Reproduce word for word, from the entries below, the line with "Lovski nož FESTA", the line with "3 Inch Mission", and every line between them, and nothing more.
----------
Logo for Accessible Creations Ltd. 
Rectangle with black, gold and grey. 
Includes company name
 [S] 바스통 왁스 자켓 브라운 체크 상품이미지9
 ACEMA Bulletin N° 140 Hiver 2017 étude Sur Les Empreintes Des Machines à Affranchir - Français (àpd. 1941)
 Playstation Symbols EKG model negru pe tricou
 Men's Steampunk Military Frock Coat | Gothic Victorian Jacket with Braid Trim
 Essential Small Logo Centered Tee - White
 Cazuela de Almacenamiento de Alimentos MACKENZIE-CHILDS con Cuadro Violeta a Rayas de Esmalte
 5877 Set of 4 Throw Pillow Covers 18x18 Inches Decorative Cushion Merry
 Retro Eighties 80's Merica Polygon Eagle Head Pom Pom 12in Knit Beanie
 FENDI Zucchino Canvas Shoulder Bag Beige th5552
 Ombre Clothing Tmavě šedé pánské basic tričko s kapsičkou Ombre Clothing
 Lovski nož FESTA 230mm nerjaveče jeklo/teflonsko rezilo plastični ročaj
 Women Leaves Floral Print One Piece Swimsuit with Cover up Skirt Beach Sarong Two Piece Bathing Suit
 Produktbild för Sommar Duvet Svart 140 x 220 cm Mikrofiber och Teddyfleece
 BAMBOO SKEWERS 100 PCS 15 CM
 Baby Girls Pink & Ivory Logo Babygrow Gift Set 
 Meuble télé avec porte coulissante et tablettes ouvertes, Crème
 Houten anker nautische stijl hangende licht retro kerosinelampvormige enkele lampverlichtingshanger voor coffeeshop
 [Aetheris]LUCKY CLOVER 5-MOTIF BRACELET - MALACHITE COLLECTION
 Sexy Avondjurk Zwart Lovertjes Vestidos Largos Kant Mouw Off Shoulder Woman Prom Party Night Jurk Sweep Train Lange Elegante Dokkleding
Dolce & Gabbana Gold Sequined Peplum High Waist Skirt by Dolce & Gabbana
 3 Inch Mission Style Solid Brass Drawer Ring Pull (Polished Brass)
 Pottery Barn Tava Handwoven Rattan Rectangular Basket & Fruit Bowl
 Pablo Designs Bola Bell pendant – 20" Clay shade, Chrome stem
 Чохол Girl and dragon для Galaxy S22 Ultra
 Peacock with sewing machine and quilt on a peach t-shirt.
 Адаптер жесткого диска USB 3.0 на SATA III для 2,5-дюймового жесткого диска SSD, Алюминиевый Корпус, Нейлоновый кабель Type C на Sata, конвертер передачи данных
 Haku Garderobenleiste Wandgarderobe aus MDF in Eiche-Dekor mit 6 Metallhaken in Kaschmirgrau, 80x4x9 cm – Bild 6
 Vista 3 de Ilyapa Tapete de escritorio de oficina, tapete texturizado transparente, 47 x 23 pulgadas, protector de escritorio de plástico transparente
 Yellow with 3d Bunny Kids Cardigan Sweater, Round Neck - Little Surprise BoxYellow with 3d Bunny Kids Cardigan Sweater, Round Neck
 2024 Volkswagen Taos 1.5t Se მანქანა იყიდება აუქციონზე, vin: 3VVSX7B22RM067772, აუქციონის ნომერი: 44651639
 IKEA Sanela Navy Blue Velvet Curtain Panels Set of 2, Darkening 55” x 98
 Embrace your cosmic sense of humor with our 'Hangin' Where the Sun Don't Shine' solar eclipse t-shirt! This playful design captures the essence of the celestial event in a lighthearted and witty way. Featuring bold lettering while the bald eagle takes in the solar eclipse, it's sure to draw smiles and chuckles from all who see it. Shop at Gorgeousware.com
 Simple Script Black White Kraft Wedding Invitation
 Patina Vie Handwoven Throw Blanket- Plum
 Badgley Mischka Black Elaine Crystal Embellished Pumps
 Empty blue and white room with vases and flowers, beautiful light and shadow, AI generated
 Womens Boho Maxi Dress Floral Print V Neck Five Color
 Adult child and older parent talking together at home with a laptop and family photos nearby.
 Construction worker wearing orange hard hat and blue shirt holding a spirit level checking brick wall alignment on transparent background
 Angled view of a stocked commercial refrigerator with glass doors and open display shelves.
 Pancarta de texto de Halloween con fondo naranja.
----------
■ Solution:
 Lovski nož FESTA 230mm nerjaveče jeklo/teflonsko rezilo plastični ročaj
 Women Leaves Floral Print One Piece Swimsuit with Cover up Skirt Beach Sarong Two Piece Bathing Suit
 Produktbild för Sommar Duvet Svart 140 x 220 cm Mikrofiber och Teddyfleece
 BAMBOO SKEWERS 100 PCS 15 CM
 Baby Girls Pink & Ivory Logo Babygrow Gift Set 
 Meuble télé avec porte coulissante et tablettes ouvertes, Crème
 Houten anker nautische stijl hangende licht retro kerosinelampvormige enkele lampverlichtingshanger voor coffeeshop
 [Aetheris]LUCKY CLOVER 5-MOTIF BRACELET - MALACHITE COLLECTION
 Sexy Avondjurk Zwart Lovertjes Vestidos Largos Kant Mouw Off Shoulder Woman Prom Party Night Jurk Sweep Train Lange Elegante Dokkleding
Dolce & Gabbana Gold Sequined Peplum High Waist Skirt by Dolce & Gabbana
 3 Inch Mission Style Solid Brass Drawer Ring Pull (Polished Brass)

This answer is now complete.